▶ [What the exercise asks]:
Across the entries, how many lines have the string "Boots" in them? Reply with only a number.
***** The data
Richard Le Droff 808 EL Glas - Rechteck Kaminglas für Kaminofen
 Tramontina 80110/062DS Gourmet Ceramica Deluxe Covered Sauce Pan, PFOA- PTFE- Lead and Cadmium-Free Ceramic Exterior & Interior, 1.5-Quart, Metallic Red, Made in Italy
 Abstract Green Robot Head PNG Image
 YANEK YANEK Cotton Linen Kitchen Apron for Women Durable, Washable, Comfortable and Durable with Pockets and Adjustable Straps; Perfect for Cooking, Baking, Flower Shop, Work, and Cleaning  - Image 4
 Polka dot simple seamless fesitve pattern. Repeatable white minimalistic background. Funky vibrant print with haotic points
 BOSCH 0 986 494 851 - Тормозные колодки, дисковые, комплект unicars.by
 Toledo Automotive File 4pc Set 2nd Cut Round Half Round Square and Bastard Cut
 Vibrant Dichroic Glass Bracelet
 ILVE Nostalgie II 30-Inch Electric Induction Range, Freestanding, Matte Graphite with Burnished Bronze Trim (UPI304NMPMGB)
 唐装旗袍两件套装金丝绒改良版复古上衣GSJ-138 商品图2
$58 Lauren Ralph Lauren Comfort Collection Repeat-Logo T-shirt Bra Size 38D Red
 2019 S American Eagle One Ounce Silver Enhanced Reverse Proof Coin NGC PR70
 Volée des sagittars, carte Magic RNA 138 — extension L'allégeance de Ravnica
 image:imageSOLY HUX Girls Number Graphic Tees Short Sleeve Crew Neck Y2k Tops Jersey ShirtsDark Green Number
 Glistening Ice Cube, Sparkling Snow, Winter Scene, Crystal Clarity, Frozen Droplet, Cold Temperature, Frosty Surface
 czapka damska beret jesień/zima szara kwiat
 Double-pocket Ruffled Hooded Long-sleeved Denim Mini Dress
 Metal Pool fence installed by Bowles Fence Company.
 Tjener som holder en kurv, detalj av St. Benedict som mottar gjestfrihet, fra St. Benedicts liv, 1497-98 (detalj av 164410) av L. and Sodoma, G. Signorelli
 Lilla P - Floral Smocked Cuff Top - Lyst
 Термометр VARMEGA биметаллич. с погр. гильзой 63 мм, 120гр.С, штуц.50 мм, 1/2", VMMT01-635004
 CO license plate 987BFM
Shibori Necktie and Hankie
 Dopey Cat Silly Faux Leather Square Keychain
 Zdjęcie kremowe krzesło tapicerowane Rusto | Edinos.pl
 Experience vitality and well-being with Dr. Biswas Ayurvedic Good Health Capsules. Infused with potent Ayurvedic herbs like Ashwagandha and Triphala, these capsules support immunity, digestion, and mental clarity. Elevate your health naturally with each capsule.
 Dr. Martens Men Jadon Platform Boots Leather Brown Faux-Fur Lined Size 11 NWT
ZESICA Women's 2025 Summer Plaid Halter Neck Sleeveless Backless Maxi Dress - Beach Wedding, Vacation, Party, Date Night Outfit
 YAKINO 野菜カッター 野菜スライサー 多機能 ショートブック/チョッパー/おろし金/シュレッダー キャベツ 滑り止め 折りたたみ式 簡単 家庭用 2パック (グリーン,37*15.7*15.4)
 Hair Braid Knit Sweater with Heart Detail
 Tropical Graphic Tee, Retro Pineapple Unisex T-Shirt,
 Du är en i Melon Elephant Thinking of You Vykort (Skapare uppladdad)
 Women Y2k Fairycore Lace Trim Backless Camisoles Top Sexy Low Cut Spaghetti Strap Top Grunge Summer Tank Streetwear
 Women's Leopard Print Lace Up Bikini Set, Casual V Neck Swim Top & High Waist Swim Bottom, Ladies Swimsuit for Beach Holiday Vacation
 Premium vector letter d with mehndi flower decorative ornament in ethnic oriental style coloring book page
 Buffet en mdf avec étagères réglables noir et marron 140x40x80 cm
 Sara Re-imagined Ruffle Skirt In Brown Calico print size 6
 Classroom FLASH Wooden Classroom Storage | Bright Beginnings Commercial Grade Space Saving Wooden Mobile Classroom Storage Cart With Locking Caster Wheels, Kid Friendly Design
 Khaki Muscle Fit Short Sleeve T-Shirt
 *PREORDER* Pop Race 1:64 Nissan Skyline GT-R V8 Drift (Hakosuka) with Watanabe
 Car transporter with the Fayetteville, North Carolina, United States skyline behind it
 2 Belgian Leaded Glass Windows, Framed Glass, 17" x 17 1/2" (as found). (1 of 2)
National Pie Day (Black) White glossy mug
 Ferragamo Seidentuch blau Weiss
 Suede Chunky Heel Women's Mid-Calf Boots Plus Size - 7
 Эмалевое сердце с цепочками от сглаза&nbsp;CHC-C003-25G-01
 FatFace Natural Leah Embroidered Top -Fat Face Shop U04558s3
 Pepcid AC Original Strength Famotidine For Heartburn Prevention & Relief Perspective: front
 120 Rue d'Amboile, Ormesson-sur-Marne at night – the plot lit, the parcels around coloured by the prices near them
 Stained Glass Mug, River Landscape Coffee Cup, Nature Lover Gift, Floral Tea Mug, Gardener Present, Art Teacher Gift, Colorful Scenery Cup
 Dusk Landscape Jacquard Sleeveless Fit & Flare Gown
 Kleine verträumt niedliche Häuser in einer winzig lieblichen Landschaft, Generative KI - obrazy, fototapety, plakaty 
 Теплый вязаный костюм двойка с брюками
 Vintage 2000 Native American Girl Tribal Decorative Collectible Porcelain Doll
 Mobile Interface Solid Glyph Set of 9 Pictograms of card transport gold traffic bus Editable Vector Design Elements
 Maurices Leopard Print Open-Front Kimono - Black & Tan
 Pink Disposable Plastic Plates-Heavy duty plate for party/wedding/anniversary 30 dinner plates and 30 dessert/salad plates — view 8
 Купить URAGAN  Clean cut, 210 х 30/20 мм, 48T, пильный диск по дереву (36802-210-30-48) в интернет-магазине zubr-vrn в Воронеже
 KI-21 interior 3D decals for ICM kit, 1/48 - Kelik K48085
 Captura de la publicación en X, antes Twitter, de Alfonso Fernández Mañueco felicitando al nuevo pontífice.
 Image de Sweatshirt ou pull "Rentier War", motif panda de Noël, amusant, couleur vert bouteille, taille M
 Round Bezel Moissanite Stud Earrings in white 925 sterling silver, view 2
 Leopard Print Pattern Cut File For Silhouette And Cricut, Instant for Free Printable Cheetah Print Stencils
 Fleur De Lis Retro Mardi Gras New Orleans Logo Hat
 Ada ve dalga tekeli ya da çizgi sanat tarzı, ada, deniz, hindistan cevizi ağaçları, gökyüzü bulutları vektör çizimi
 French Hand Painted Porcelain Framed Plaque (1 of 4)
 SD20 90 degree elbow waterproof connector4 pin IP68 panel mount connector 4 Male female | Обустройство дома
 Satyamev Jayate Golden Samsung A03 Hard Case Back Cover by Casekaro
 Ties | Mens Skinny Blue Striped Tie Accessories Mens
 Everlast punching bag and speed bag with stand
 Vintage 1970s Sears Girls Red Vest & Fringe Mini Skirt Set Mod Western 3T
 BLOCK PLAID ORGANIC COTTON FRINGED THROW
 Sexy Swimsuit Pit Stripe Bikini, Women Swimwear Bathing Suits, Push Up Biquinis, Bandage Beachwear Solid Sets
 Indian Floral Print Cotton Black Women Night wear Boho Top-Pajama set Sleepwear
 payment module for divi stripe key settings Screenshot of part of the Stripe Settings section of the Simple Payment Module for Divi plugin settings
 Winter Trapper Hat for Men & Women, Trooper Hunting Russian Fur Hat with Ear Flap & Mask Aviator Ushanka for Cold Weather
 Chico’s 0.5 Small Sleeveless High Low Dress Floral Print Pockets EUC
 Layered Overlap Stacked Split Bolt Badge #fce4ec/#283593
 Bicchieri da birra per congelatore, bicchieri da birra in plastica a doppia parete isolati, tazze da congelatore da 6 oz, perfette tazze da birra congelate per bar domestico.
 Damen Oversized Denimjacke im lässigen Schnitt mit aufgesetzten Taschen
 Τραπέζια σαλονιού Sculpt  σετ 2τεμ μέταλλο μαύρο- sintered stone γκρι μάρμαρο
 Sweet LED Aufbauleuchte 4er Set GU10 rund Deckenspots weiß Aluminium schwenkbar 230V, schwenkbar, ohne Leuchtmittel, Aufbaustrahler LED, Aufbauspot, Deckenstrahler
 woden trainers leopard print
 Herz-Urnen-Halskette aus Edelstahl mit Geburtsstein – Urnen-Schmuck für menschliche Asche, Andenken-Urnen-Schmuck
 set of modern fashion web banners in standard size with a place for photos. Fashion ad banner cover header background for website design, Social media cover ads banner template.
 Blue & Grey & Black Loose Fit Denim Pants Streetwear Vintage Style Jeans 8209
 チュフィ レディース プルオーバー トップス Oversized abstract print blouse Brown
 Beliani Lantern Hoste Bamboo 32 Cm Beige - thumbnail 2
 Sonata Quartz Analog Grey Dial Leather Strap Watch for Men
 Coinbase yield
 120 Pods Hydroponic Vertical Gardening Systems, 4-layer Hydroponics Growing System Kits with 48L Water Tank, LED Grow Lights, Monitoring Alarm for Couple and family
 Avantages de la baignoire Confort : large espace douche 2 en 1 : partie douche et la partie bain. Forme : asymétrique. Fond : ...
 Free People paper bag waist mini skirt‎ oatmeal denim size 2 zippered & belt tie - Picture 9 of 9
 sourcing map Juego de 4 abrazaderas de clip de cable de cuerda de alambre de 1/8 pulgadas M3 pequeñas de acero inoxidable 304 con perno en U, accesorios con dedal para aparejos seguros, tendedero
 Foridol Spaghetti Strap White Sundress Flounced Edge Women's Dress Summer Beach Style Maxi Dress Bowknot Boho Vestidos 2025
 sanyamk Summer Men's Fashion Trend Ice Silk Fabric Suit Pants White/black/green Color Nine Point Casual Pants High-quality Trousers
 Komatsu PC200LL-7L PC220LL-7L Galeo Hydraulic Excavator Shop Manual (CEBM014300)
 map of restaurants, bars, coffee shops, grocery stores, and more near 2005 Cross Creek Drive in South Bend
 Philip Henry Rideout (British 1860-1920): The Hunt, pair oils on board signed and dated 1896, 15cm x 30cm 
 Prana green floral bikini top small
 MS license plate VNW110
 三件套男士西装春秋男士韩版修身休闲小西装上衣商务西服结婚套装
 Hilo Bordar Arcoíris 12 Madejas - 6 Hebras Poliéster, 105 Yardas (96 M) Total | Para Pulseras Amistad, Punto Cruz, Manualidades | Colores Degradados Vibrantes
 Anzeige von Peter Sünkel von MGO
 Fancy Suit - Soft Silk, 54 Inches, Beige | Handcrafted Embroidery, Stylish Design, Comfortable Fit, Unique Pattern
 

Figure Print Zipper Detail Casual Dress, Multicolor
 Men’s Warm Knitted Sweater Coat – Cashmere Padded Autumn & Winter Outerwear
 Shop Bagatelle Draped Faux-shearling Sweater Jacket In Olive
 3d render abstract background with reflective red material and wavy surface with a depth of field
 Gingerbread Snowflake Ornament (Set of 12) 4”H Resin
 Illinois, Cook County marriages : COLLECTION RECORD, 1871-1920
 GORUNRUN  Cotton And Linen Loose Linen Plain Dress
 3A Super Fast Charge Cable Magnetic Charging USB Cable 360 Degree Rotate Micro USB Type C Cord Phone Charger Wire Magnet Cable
**********
▶ [Task result]:
2